And so I thought that’d be a fascinating discussion. so that was what that piece was all about leaned into that. And I think in other past art historical figures that have influenced my work would also be Japanese woodblock artists, like Hokusai. Probably most famous for The Great Wave of Kanagawa. That sort of influence, that sort of reference played into, for example, my work with Memories of Qilin. So yeah, definitely continually drawing on examples in the past. I truly believe that art is always in dialogue with itself with its own past. And so I think roping that into the discussion is important for me.
Abigail: For sure. William, I would love for you to speak about the figures that inspired Anticyclone because it was in a Twitter thread that you outlined various women in your life representing the different colour palettes. And it was just a beautiful story that I would love for you to take a couple seconds to highlight.
William: Yeah, definitely Anticyclone was a really good way to convey what made me, in terms of colour and intention and also the story. Because there are two sides, there are other side of the colours and what inspired the colours and also the worst side of, because the tornado is all about negativity and usually they have women names and I was like, that’s f**ked up.
And I wanted to pay tribute to that and to put a spotlight on women with this. So it was a good way to convey this idea. And then I think the most impactful figures who impacted the Anticyclone colour was Sonia Delaunay. I think it’s a big influence on me, how she used colours and mainly primary colours.
It’s amazing what you could do with just this and some advice. And it’s very inspiring. And yeah, I think about other figures, cause I have so much because it’s really funny because I started art many years ago and then I forgot everything. And now the piece of art I do, I really see how the past influenced me.
So, it’s like a retrospection, to go into the past, but within your own eyes. So it’s really funny to see how you’ve been influenced without knowing it. So yeah, there’s so many (influences), I don’t know, like Malevich, Paul Klee, Klimt, de Kooning. Their works were amazing to me. And I often try to do it in code. I often fail, but one day, one day I’ll succeed. Matisse obviously. Art studies is a dialogue and it’s in constant evolution.
So you can’t go from A to Z. You have to do all the later in between. And I think with digital art, we are just starting to scratch the surface and we don’t know yet where it’ll be in 20 years. And sometimes I see people criticising generative art or digital art, which are replicates of what we’ve been seeing in the past.
But I think it is just like a natural evolution, you can invent something brand new from scratch. You always have a starting point. So this starting point is always different for everyone, but there is so much art history that is normal. And I think at some point we’ll convey somewhere that we don’t know yet, but it will.

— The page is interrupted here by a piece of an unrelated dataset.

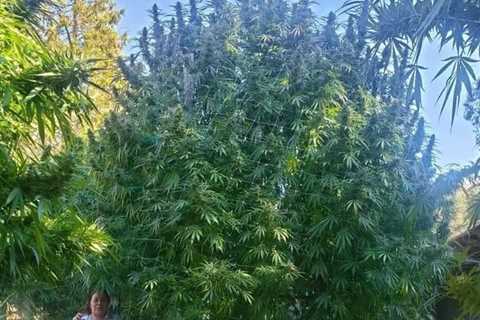 Very healthy plant 🌳  📸 greenthumbgirl420   #maryjane #indica #sativa #weed…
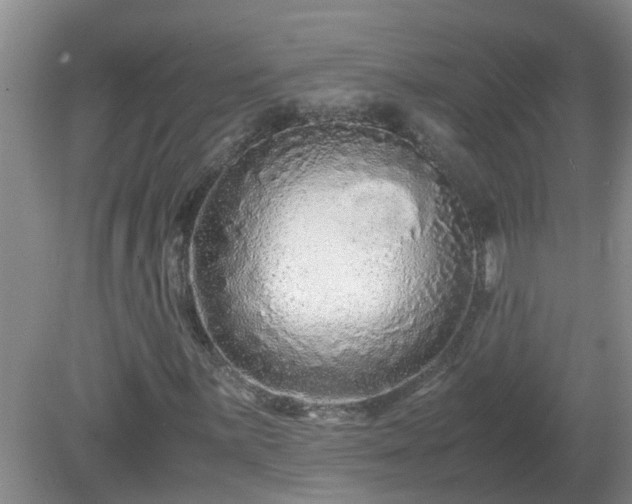 X0000081491059200701191852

Abigail: Yeah, and I think we’re in a very interesting time within the NFT generative art community, because with art on chain, essentially like long form, it’s been probably two years since it hit the mainstream NFT world I would say, it’s still not in mainstream art world. But I would say all three of you have a recognisable style now.

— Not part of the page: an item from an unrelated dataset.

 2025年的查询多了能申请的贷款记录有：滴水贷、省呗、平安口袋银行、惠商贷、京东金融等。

I don’t wanna say a mature style because you guys are all experimenting and constantly moving forward. But would you guys say that you’ve created a signature style or agree or disagree with that? Because I think if someone put a work in front of me, any of three of you, I could be like, “Yes, that’s an Iskra work; yes, that’s an Emily work; yes, that’s a William work. And so do you think you have a signature style or want to have a signature style?
William: I’d like to not have signature styles in a specific thing, like, “oh yeah, William can recreate paper texture perfectly.” But I don’t want that. I would like to specialise myself in texturing, but as a concept, you know, so maybe if you see something with very great texture, you think, “oh, maybe it’s William.”
I think that I would prefer people to identify me as a concept more than a specific thing, like a specific colour or specific texture, because as you say, I think I’m still evolving. I’m quite a young artist. I think an artist evolves his or her heart for life, it’s a lifelong thing.
It’s not something you develop and boom, you are the master at it. Maybe it’s today I have style, but maybe in two years it will change. And that’s what I like with some of the artists I named before. When I go see them in some exhibition, sometimes you see the progression. Maybe at year one, it was this style and at some point it was another style.
And maybe at the end of the career, everything merges and it makes sense. So I’d like to, for me, I don’t know where I’m going, but I’m going somewhere. It will make sense at some point.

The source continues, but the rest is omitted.